In Corinth, Paul dealt with these religious Christians as well. These people were damaging their witness to the Jews and the Greeks that did not know Christ through their hyper-legalism. The people were still struggling to separate the laws of Judaism from the freedom of a relationship with Jesus. They would dine with a friend but refuse to eat foods prepared for them because it disagreed with their moral compass. Paul addresses the issue in 1 Corinthians 10. He says “Let no one seek his own good, but the good of his neighbor…If one of the unbelievers invites you to dinner and you are disposed to go, eat whatever is set before you without raising any question on the ground of conscience — I do not mean YOUR conscience, but his. For why should my liberty be determined by someone else’s conscience“ (10:27-29 ESV).
The practice of Christianity is love, not condemnation. This passage is not meant to give freedom to sin. It is not meant to completely invalidate God’s law. Some people use this verse to give license to a dual lifestyle of immorality and Christianity. But this passage is not a “Get Out of Jail Free” card for Christians. It is simply a wake-up call to the overly religious Christians out there. What it means in layman terms is this: STOP BEING WEIRD!
Being wise is one thing. Following God’s leading for your life is wonderful. Sticking to moral convictions is awesome. But condemning your neighbor is not. We, as Christ-followers, must figure out how to love people. We have to figure out how to live to the glory of God AND to love our friends. It’s time to stop being the weird Christian and start being the loving Christ-follower.
Religion is not a loving institution. It tells us that if we are just good enough, moral enough, faithful enough, we can somehow convince God to love us. This, friends, is false. Religion is a strict set of rules. RELATIONSHIP with JESUS is FREEDOM! It’s freedom to live the life He created for you. It is freedom to love other people. It is freedom to learn to live your life to lift Jesus up and to enjoy the journey. Relationship with Jesus is not the anti-law. It’s a compliment to the law. If we can learn how to truly love God and love people, we will discover how to live inside His moral boundaries AND to live in freedom. This balance will never offend an unbeliever. This balance will never damage your testimony.

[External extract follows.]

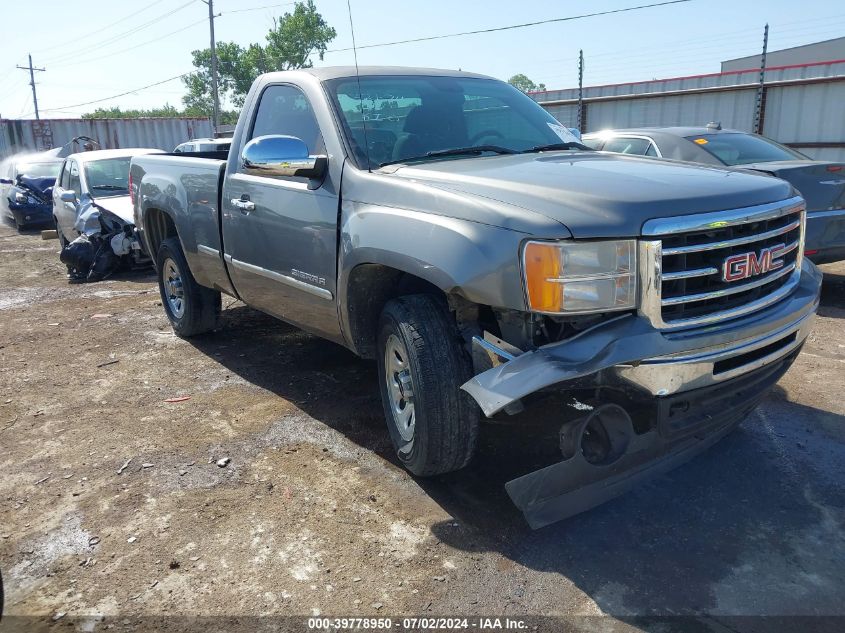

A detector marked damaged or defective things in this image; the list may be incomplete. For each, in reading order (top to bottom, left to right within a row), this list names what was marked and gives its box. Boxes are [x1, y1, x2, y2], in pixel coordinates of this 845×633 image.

Saying no to sin is the idea. Being uber-religious and condemning others for their actions is not the idea. We have to learn to make our lives fit God, not to make God fit our lives. Hence, my favorite verse in the entire Bible:
And when I am lifted up from the earth, I will draw everyone to myself. – John 12:32 (NLT).
Friends, let’s find a way to love God and love people. Let’s find a way to lift Christ up in all of our actions…in the way we live our lives. Let’s find a way to not condemn unbelievers. Let’s find a better way to love people. Let’s find freedom! Let’s find a way to “do it all for the glory of God.”
“Religion is not good. Religion killed Jesus.” – Mark Driscoll.